> right now and pick up a hard drive big enough to store this data with cash I happen to have in my wallet.

You do know that the legal recordkeeping requirements mandate specific indexing and cross-referencing requirements, and that the age records must legally include copies of portions of every covered piece of media sufficient to identify the performer against the photos in the age recors, and also must include cross-reference to every individual full work.

If your media is live streamed, it doesn't seem to me likely that you could meet the requirements with an offline system.

> If your media is live streamed, it doesn't seem to me likely that you could meet the requirements with an offline system.

You store all the PII offline and assign each performer a unique identifier. Then tag each stream with the unique identifier.

Why would that not work?

> Why would that not work?

It would work if the law is applied on such a way that the list of media retrieved by querying using the performer ID on the media server is acceptable as the listing of depictions that is required to be part of the age verification records. It's pretty clear in the combination of statute and regulation that either hardcopy or digital records can be used, but it's not at all obvious that a hybrid of that particular form satisfied the requirements. From an information management perspective, I can see it making sense; from what I've seen of administration of legal rules I can see where it might not be. Especially in an industry that politicians (and lead US federal prosecutors are all a brand of politicians) like to score points against, I would expect people to be extremely conservative about uncertain legal exposure; you don't want a setup where you have a decent but uncertain argument of it goes to court, you want one that would never give anyone a reason to think it was a viable pretext for legal action against you in the first place.

Would printing out screenshots of the video constitute copies of portions?

If so, there's a simple solution, albeit one that involves hiring a decent-sized staff of file clerks: whenever a model uploads a video, have a printer start spewing screenshots and have an file clerk grab a selection of photos that both identify the video and clearly show the model's face and put them in that model's file in the cabinet.

I did not know this!

I guess today was my day to put my foot in my mouth for assuming that I can solve complicated systems with a "why don't you just" :/

It is not that difficult to achieve with documents, actually.

that's a fair point. I'm not saying they didn't make mistakes, just that I understand why they held onto the ID's in this case.

It's very rare law enforcement requires (by law) a realtime, self-service access to information.

Companies just choose to give them realtime access because they charge an admin fee for data access, and if it's realtime, they'll earn more.
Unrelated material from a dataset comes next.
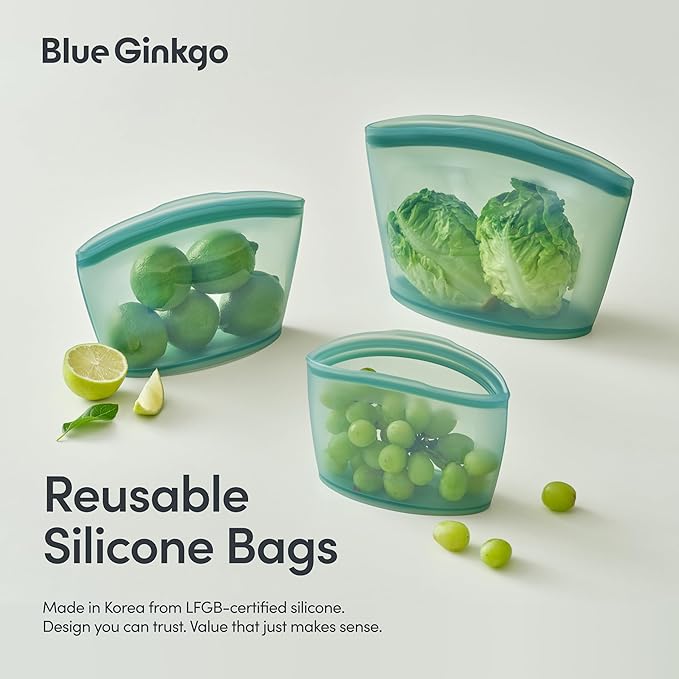 Blue Ginkgo Reusable Silicone Storage Bags – 3-Pack | Korean-Made Stand Up Food, Freezer Bags - Forest Green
Also data retention policy: automatically purge old data when it is no longer actively being accessed

Well, no - this data could be relevant ten years from now, if they’re accused of allowing an underage model after the fact. They need this data to protect themselves, and they need to have it accessible for the rest of their lives.

This is quite incorrect. Most jurisdictions have record retention policies that explicitly state that you're allowed to dispose records after a certain period of time (usually based on record type). After that, even if the record would be relevant to a case, you cannot be held liable for having disposed of it.
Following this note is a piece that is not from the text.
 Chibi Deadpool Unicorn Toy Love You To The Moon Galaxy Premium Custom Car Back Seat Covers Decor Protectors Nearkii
source: i work in this field

Isn't there a better solution involving offline storage? Keeping the data online is likely exposing it to insider threats as well.

Isn't there a statuate of limitations?

There are many, but capital offenses have no limitation, and there are many potential capital offenses. However, that shouldn't really be an issue here, because any business can commit a capital offense, but we don't require every business to record every bit of information about everything they do in perpetuity just because they might commit a capital offense one day. Innocent until proven guilty.

I think that there is a limit on the required period of record retention but I keep failing to find it.

But I don't think it is short, and it at least extends as long as you are selling the material to which it relates, since it is expressly illegal to sell depictions without the records.

If the data is to protect yourself against criminal accusations, there's not really a time limit after which data can be safely purged.

They could be accused many years after the fact.

Often the law that stipulates you need the record, also stipulates how long you need it. Good data hygiene is to retain in it for as long as necessary, and no longer.

It does not. They use old footage of models indefinitely and can be accused at any time of distributing such materials even after they’ve stopped distributing it when clients are found in possession.